Sugar–nucleobase hydrogen bonding in cytidine 5′-monophosphate nucleotide-cadmium coordination complexes

Abstract

Hydrogen bonds are the fundamental factors stabilizing DNA and RNA macromolecules. Based on their base-pair sequences, DNA and RNA perform various biological functions. A key feature of these sequences is their linkage via hydrogen bonds. The hydrogen bonding between sugars and nucleobases in RNA sequences is one of the major reasons behind several mutagenic disorders that can cause numerous genomic instabilities, various genetic diseases, and RNA rearrangement problems.

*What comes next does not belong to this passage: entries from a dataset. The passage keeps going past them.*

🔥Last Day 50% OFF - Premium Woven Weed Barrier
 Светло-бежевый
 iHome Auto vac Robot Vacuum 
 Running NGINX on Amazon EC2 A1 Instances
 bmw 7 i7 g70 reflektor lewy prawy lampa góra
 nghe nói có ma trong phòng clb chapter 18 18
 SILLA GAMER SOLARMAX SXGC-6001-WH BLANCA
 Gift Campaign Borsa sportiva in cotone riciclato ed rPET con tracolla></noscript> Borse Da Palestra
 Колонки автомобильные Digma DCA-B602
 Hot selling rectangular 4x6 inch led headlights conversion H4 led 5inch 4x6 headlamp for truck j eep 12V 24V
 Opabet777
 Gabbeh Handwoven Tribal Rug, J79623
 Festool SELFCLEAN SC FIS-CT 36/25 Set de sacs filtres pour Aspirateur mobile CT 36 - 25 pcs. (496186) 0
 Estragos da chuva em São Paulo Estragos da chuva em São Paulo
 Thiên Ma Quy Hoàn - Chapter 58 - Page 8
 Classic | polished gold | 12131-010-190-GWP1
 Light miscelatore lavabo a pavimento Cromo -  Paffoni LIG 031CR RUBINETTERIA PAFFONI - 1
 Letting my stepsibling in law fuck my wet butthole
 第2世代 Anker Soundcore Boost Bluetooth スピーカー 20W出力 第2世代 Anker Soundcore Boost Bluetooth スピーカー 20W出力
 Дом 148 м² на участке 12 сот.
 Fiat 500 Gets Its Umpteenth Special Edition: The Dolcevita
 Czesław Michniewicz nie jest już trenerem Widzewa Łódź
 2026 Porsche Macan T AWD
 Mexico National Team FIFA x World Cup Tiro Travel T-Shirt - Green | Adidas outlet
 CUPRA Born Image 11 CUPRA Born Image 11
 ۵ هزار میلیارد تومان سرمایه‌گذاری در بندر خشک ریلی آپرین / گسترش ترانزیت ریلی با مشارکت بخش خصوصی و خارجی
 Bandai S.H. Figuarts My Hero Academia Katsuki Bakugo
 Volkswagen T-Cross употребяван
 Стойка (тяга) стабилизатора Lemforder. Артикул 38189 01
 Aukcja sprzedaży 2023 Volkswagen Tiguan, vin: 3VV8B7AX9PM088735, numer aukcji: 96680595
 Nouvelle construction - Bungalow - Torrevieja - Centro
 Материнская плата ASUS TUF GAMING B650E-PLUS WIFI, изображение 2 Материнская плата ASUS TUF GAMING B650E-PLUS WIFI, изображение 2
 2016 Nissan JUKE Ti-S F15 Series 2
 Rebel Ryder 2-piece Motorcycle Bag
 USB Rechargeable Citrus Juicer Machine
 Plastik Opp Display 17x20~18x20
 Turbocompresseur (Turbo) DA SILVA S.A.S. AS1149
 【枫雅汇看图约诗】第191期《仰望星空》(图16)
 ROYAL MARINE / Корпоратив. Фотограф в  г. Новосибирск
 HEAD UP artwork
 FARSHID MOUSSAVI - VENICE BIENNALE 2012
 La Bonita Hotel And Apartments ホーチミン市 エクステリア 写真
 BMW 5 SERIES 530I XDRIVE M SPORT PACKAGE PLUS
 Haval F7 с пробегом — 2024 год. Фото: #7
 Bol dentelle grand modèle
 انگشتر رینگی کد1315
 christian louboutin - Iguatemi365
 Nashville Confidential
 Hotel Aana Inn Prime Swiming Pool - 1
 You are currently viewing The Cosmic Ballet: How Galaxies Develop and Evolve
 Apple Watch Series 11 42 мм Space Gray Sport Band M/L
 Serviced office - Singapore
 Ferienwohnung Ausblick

Chemists explore hydrogen bonding stability in nucleic acids, which is crucial for understanding molecular-level differentiations with potential applications in the early diagnosis of hereditary diseases. In this work, five types of coordination polymers of CMP and dCMP, {[Cd(CMP)(bpa)(H₂O)₃]·2H₂O}n (1), {[Cd(dCMP)₂(bpa)(H₂O)₂]·4H₂O}n (2), {[Cd(azpy)(H₂O)₄](CMP)·3H₂O}n (3), {[Cd(dCMP)₂(azpy)(H₂O)₂]·4H₂O}n (4), and {[Cd(CMP)(bpe)(H₂O)₃]·2H₂O}n (5) (azpy = 4,4′-azopyridine, bpa = 1,2-bis(4-pyridyl)ethane, and bpe = 1,2-bis(4-pyridyl)ethylene), were designed and studied. All complexes were fully characterized by employing the single-crystal X-ray diffraction method. Complex 1 is a 2D coordination polymer, whereas complexes 2–5 are 1D coordination polymers. Significantly, a novel sugar–nucleobase hydrogen bonding interaction was discovered in complexes 1, 3, and 5 for the first time, thus introducing a new supramolecular interaction that can be used in self-assembly and molecular recognition. The chirality in the supramolecular assemblies of the five complexes was comprehensively analyzed using single-crystal and solid-state CD spectra.